I think there's reason to doubt whether or not baseball is really losing any ground.
www.theatlantic.com/entertainment/archive/2014/04/baseball-isnt-in-decline-debunking-the-biggest-4-myths-about-mlb/361070/2/
Myth No. 4: Baseball Is Declining in Popularity
Last fall, in a New York Times article titled “Is The Game Over?” Jonathan Mahler wrote that baseball “has never been healthier. So why does it feel so irrelevant? Maybe the best evidence of this admittedly unscientific observation is the national TV ratings …”
Well, that certainly is unscientific. If the game has never been healthier, why would it matter if national TV ratings were down? Nationally broadcast NFL games routinely outdraw nationally broadcast baseball games by about four to one. But what difference does that make when nearly all baseball fans watch their teams play on local networks?

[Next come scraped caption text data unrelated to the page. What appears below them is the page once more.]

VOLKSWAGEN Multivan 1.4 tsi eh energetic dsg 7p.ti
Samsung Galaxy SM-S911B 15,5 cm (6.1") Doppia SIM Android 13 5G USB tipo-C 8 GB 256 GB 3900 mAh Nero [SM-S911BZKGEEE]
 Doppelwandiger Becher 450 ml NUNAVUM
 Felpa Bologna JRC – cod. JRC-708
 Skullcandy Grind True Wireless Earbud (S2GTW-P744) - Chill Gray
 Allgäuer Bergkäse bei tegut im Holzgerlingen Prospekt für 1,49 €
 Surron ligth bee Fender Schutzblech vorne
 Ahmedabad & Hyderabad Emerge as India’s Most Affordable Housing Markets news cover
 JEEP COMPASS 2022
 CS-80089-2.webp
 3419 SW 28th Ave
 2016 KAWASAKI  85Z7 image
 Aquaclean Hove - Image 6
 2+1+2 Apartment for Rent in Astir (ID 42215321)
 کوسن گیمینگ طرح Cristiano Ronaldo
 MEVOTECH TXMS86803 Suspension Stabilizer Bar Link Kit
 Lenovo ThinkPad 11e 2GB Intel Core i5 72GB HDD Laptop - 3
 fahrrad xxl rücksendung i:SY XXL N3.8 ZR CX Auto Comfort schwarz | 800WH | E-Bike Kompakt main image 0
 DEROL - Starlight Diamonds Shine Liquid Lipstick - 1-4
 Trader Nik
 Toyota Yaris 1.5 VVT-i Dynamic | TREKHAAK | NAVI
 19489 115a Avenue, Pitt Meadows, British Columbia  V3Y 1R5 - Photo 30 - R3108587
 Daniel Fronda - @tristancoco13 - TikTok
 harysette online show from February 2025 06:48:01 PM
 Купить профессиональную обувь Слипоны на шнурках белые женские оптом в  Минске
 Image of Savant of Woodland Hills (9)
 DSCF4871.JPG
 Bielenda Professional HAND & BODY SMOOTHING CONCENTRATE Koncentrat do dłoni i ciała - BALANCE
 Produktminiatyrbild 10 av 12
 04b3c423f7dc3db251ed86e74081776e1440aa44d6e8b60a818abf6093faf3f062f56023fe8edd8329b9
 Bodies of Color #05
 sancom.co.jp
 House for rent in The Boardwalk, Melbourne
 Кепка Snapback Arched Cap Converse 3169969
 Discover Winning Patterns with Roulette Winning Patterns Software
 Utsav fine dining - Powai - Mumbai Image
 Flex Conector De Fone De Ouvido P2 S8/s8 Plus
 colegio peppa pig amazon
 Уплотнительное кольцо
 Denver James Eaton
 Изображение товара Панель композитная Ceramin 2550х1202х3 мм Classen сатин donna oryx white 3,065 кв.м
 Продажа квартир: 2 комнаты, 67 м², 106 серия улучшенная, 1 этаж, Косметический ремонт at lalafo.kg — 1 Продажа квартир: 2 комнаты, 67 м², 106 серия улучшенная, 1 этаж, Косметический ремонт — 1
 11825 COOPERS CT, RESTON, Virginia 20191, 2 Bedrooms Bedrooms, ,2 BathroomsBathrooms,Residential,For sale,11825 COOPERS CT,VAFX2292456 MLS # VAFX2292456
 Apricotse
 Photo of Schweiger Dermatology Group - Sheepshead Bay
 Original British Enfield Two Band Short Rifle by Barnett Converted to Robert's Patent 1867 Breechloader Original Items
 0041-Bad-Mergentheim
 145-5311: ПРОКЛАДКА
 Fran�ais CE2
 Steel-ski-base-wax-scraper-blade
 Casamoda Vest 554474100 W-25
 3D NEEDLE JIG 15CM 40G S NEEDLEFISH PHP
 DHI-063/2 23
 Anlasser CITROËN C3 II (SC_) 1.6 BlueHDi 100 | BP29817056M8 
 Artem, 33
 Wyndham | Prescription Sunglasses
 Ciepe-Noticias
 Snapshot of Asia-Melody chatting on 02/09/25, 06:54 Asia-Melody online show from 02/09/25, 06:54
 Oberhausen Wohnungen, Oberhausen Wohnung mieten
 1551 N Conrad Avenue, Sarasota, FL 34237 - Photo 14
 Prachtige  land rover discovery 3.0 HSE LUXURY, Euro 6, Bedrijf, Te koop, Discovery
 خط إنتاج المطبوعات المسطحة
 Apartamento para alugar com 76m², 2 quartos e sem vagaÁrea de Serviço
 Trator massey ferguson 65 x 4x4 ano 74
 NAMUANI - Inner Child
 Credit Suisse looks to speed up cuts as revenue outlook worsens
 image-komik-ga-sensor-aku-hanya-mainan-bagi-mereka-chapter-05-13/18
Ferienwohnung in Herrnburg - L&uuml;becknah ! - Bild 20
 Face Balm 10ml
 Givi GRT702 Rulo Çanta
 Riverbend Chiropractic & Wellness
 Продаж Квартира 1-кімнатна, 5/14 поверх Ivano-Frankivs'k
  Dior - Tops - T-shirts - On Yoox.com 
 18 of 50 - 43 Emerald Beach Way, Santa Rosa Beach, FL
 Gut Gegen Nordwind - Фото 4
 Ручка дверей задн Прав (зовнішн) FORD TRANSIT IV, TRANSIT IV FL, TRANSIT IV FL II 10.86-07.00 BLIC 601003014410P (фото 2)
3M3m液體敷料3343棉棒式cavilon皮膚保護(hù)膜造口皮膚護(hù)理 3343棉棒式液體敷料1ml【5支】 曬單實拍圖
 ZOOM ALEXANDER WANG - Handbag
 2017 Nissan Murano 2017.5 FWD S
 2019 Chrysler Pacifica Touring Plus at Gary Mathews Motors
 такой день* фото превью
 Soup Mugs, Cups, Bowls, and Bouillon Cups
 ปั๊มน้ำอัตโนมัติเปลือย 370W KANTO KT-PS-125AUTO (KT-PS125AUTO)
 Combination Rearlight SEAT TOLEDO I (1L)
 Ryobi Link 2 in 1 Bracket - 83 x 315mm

And, as I wrote last fall, baseball’s appeal is largely regional, while football’s is national. On a given Sunday afternoon or Monday night in the fall, the nation’s football fans will tune in to watch, say, the Dallas Cowboys play the San Francisco Forty-Niners. On a spring or summer night, most baseball fans aren’t watching a national game; they’re watching their team.
It’s no more relevant to argue the greater popularity of pro football by citing national TV ratings than to maintain that baseball is more popular because it outdrew pro football last year in attendance, 74 million to 17.3 million. People consume these two sports in very different ways; that doesn’t make either one of them less of a great American pastime.